Art NotesArts & Culture

Start the New Year with New Art

CHAIN REACTION: The Gallery@Hotel Indigo’s newest exhibition, “Chain Reaction,” reflects relationships within the local artist community through seven trios of work. Seven artists were selected to participate by gallery curator Didi Dunphy, then asked to choose another artist who in turn invited a third. Installed in a playful way that utilizes wall graphics to lay out each sequence, the lineup of trios includes Benjamin Britton, Eric Mack and Bojana Ginn; Jaime Bull, Abby Gregg and Logan Shirah; Joe Camoosa, Kojo Griffin and Lane Ketner; Michele Chidester, Joey Weiser and David Mack; Jennifer Hartley, Larry Anderson and Seana Reilly; Katherine McGuire, Will Holland and Elizabeth Williams; and Spence Townsend, Julia Townsend and Vivienne Varay. An opening reception with the artists will be held Thursday, Jan. 21 from 6:30–8:30 p.m., and the exhibition will remain on view through Friday, Apr. 1.

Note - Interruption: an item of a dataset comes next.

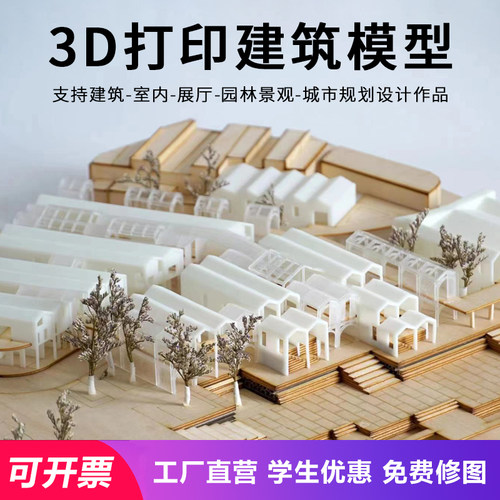 3d打印服务建筑模型定制学生优惠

CELEBRATING A HISTORY: The Oconee Cultural Arts Foundation will unveil two new shows this week. In the main gallery, “Celebrating A History: A Black History Month Exhibit” explores the cultural heritage of African Americans through the works of 18 artists, including Harold Rittenberry, John Ahee, Broderick Flanigan, Par Ramey, Yvonne Studevan and Abner Cope. In the side gallery, “Mind-Paint-Prayer: Artwork by Scott Pope” is a collection of abstract landscape paintings that evoke emotional responses to their vastness and balance between darkness and light. An opening reception will be held on Friday, Jan. 22 from 6–8 p.m., and both shows will stay up through Friday, Feb. 19.

JACK DAVIS: Thirty miles outside of Athens, the Madison-Morgan Cultural Center is presenting works by one of the most recognizable artists to graduate from UGA, Jack Davis. Launched into the spotlight for his role as a founding cartoonist of Mad magazine in the early ‘50s, Davis has illustrated everything from comics, record jackets, movie posters, corporate advertisements and the iconic bulldog football character for his alma mater. Collaboratively organized among representatives from UGA and members of his family, the exhibition reflects on his long and illustrious career. An opening reception will be held Friday, Jan. 22 from 6–8 p.m., and the works will be displayed through Sunday, Apr. 17.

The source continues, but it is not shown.